Scientists Report First Semiaquatic Dinosaur, Spinosaurus
Massive Predator Was More Than 9 Feet Longer Than Largest Tyrannosaurus rex
I’m sorry, but this is part of my problem with National Geographic these days. The headline blares, “MOVE OVER, T. REX! THE QUEST FOR THE BIGGEST, BADDEST PREDATOR ON EARTH.”
So, what’s wrong with this headline? I don’t have exact dimensions due to not having read the paper yet (Cursed paywalls!), but all that has been claimed so far (at least to my knowledge) is that Spinosaurus was “longer” (50 feet) and “bigger” than Tyrannosaurus rex was (by paleontologists Paul Sereno and Nizar Ibrahim, respectively).
So, NatGeo’s claim about it being the “biggest” is not without some backing. But the “baddest”? And here comes one of my biggest pet peeves when it comes to paleontology: there is so much desire to know the baddest, the meanest, the most vicious dinosaur. Is this a popularity contest? I never watched the show Jurassic Fight Club, largely because it seemed to be exactly this kind of thing (even the title speaks volumes): who could beat who in a fight? To me, this is all nothing more than uneducated hype, no different than claiming a certain UFC fighter is tougher than all other UFC fighters. It’s a pointless debate even when we can get data (as in with living animals), and it’s almost impossible to judge when we’re dealing with fossils of animals long since extinct. There would be so many variables, many behavioral, such as would a bear really choose to fight a rhino, an animal quite likely doesn’t care or may not even have a concept of who the toughest kid on the block, and so on. Giving NatGeo the benefit of the doubt here (if we truly could estimate which dinosaur was “baddest”), why is the fish eater tougher than the Tyrannosaurus rex, an animal that had a jaw built specifically for crushing the bones of other animals? I would actually argue that this kind of sensationalism can actually be harmful to true science (for the above reasons as well as others, we could go on, but I think you get my point). Such claims feel like they are fueled by that ridiculous scene in Jurassic Park III and sound like they should be shouted by an announcer as the two dinosaurs, separated as they were by time and geography, climbed into a WWE ring to settle the debate (we need some folding chairs up in here, people!).
I will certainly be reading this article when it comes out. Let’s hope it’s contents are better than it’s cover. Unfortunately my hopes are not high: National Geographic, once a paragon publication, has really gone downhill, and the sad thing is, it’s nothing new.

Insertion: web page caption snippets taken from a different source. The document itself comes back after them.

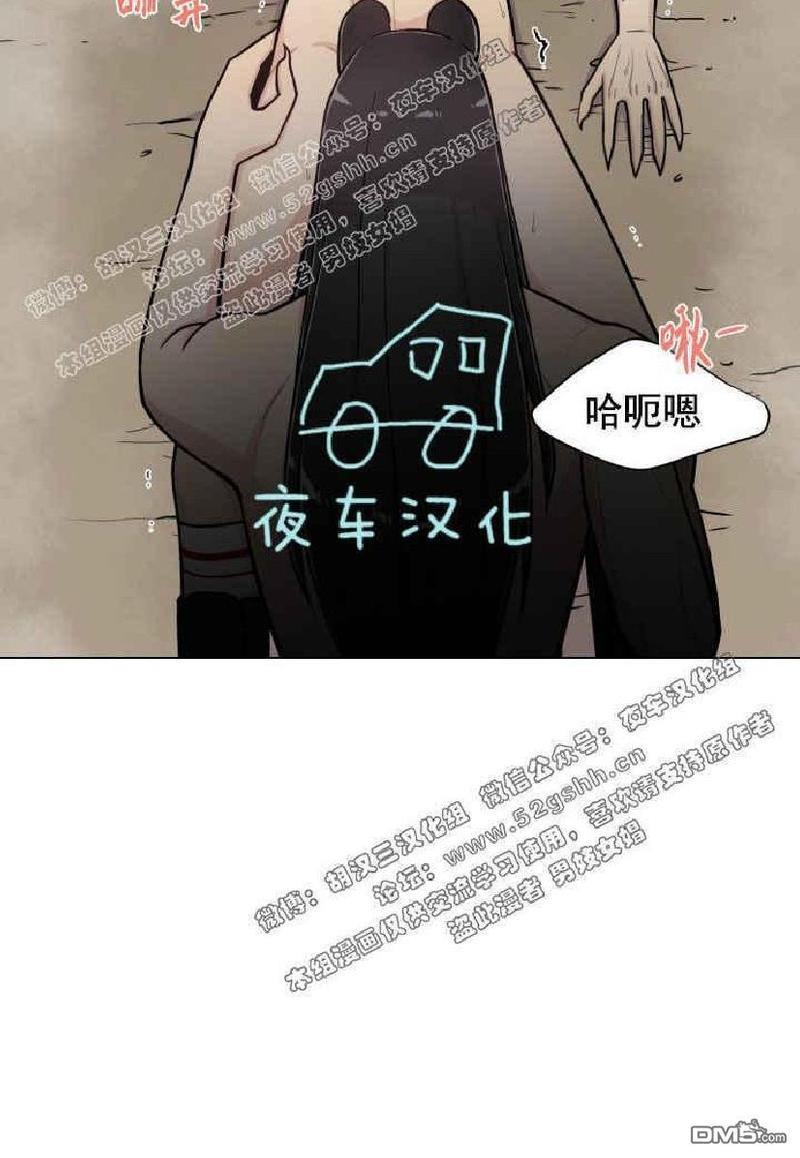 动物王国[耽美]韩漫全集-第26-30话无删减无遮挡章节图片 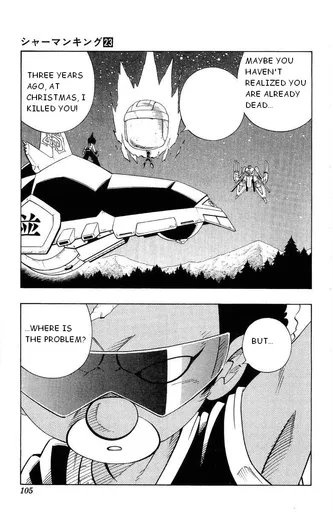 Shaman_King_-_Vol.23_Ch.202_-_Epilogue_5_Forbidden_Finland_-_18.jpg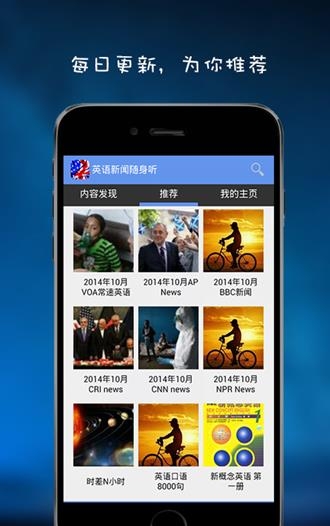 英语新闻随身听  v2.2.0图3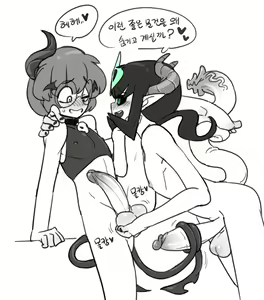 Page 370 of doppel Part 2 - preview thumbnail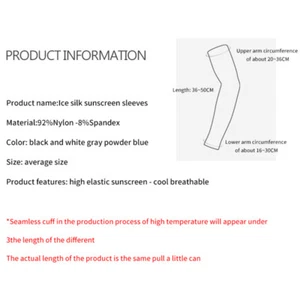 1 Pair Ice Silk Sleeve Sun Shade Sleeve Uv Protection Elasticity Sport Sleeve _t - Picture 1 of 13
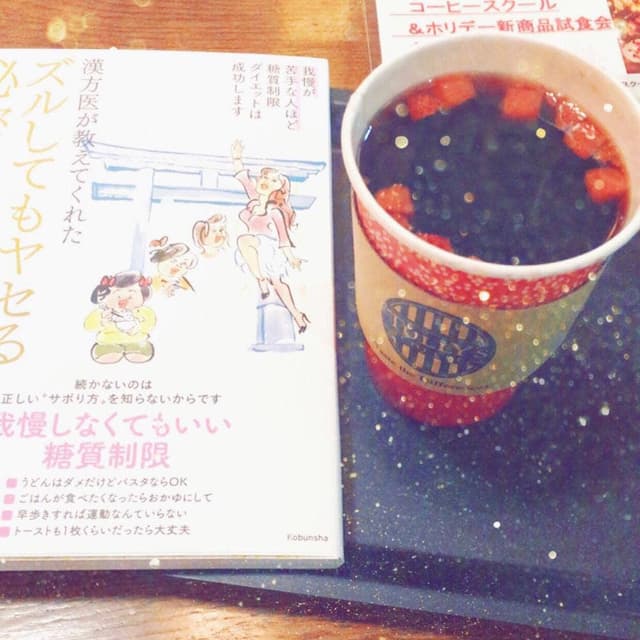 タリーズコーヒー 出雲店 - サブ画像1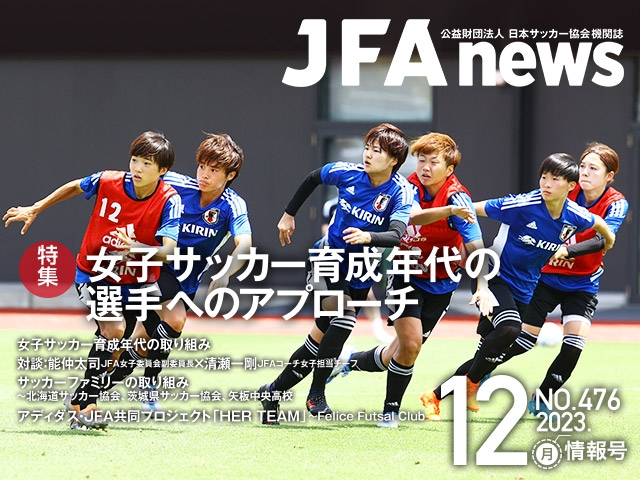 『JFAnews』12月情報号、本日（12月19日）発売！特集は「女子サッカー育成年代の選手へのアプローチ」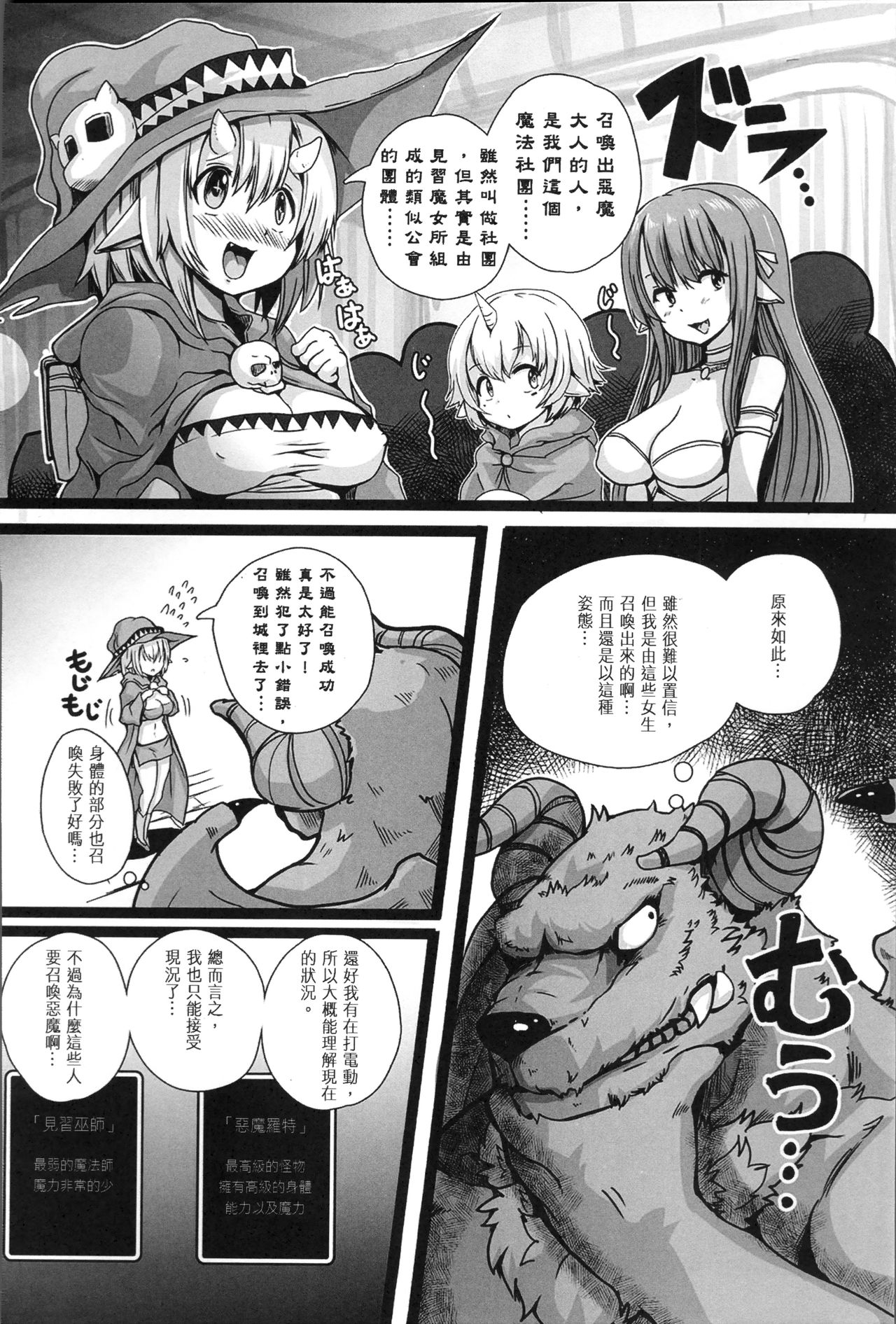 [アンソロジー] 別冊コミックアンリアル 転生したらHな魔物だった件 [中国翻訳]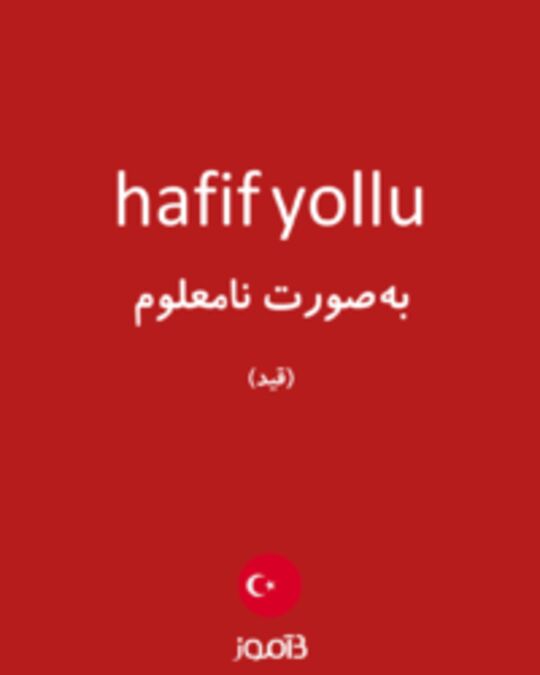  تصویر hafif yollu - دیکشنری انگلیسی بیاموز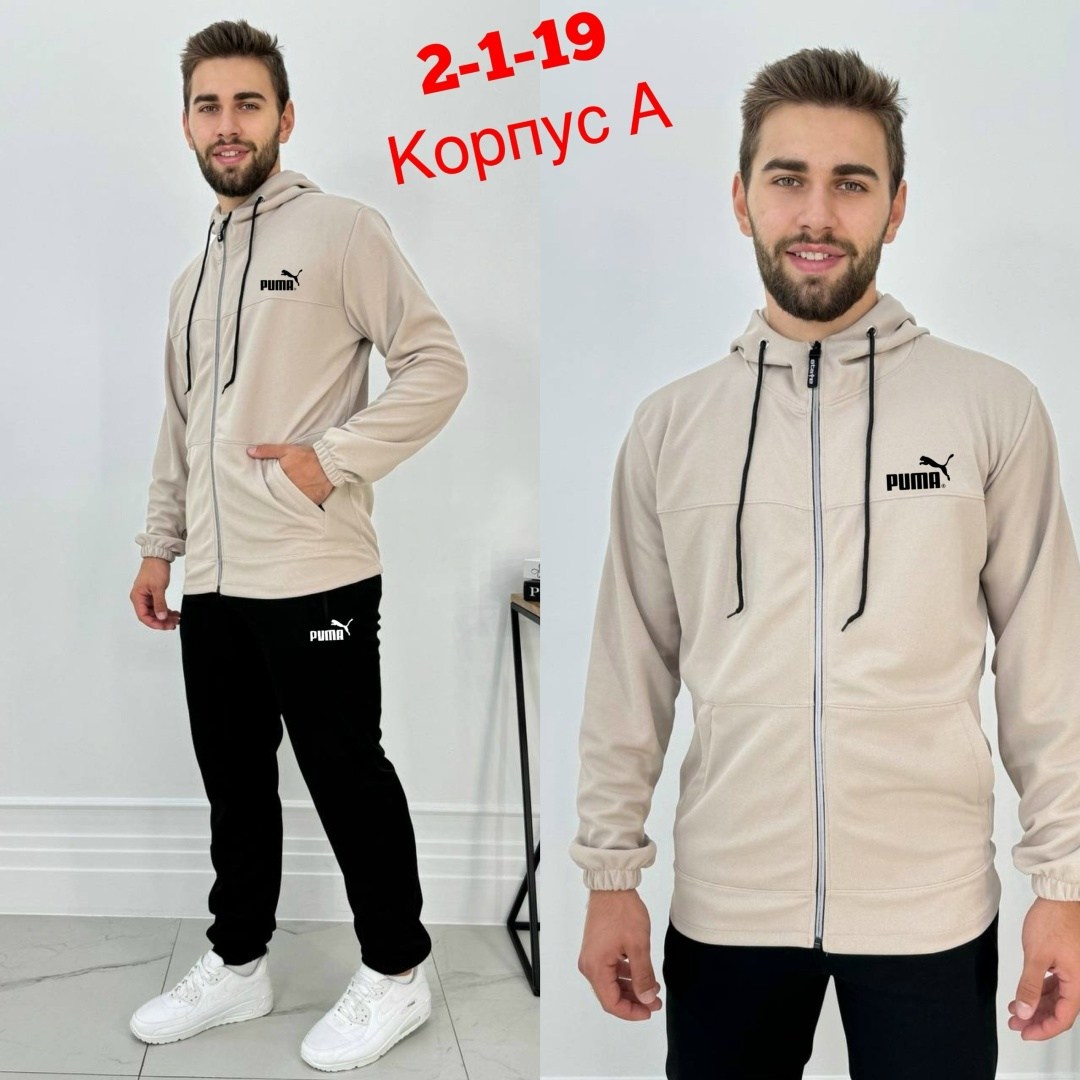 костюм адидас мужской черный с лампасами,спортивный костюм adidas мужской,костюм адидас мужской с лампасами,мужские спортивные костюмы,стильные мужские спортивные костюмы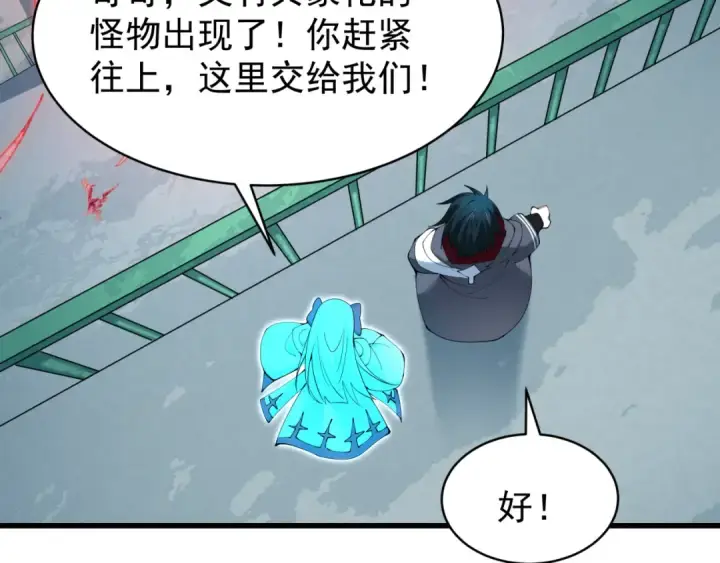 漫画《全球诡异时代》第372话 云梦篇第60张图
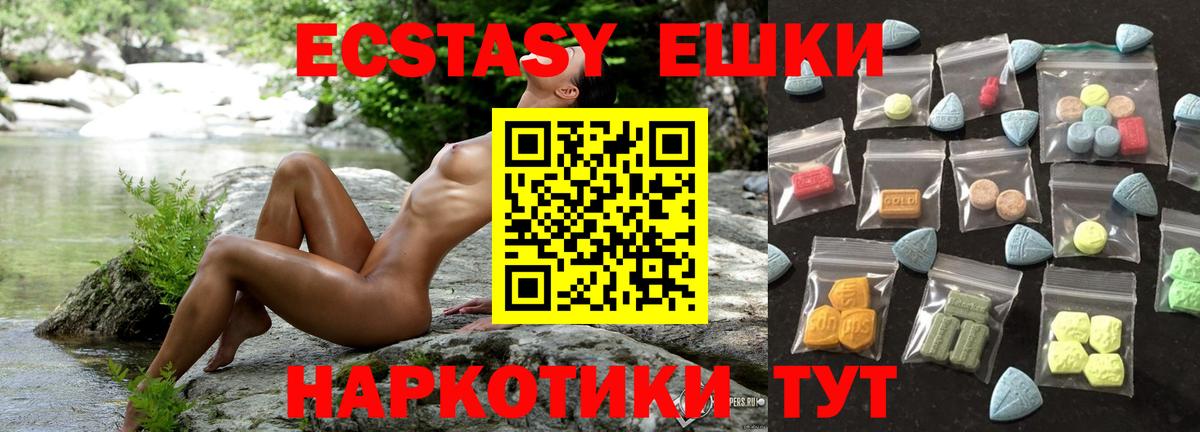 Ecstasy 280 MDMA Горячий Ключ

This is exactly the type of hate I was talking about that I wouldn’t hesitate to shut down. Except, this time, it’s not directed towards Spinosaurus, but Tyrannosaurus and the like.
How dare you discriminate against a dinosaur for being different? How dare you discriminate a ‘normal’ dinosaur? How dare you label a dinosaur as normal, bad, or awesome? You don’t. This is pure JFC-headery.
I don’t want to see any more of labelling dinosaurs as this and that based on their appearance or way of life, Tyrannosaurus is every bit as f*cking awesome as Spinosaurus. Spinosaurus and Tyrannosaurus are completely different things, you can’t just go throwing them around and making arsehat comparisons, this is just fueling the public perception of ‘some dinosaurs are better than others’.
No, no dinosaur is better than any other, no dinosaur is worse than any other*, every dinosaur is worthy of appreciation in our society because each and every find contributes to palaeontology. The stuff inside is more or less about Ottersaur, which contradicts the cover, but my point is that science magazines like Nat Geo are moving towards sensationalizing dinosaurs like nothing else - this dinosaur is bigger, better, badder, all it comes down to JFC. So yes, I am very disappointed.
Oh yeah, if you want, I can give you a rundown of the paper, sciencetoastudent.
*Except when it comes to bad science.
CAN I JUST ASK WHY MAJOR PUBLICATIONS ARE REFERRING TO SPINOSAURUS AS “NEW?” AS IF WE DIDN’T ALREADY KNOW ABOUT SPINOSAURUS?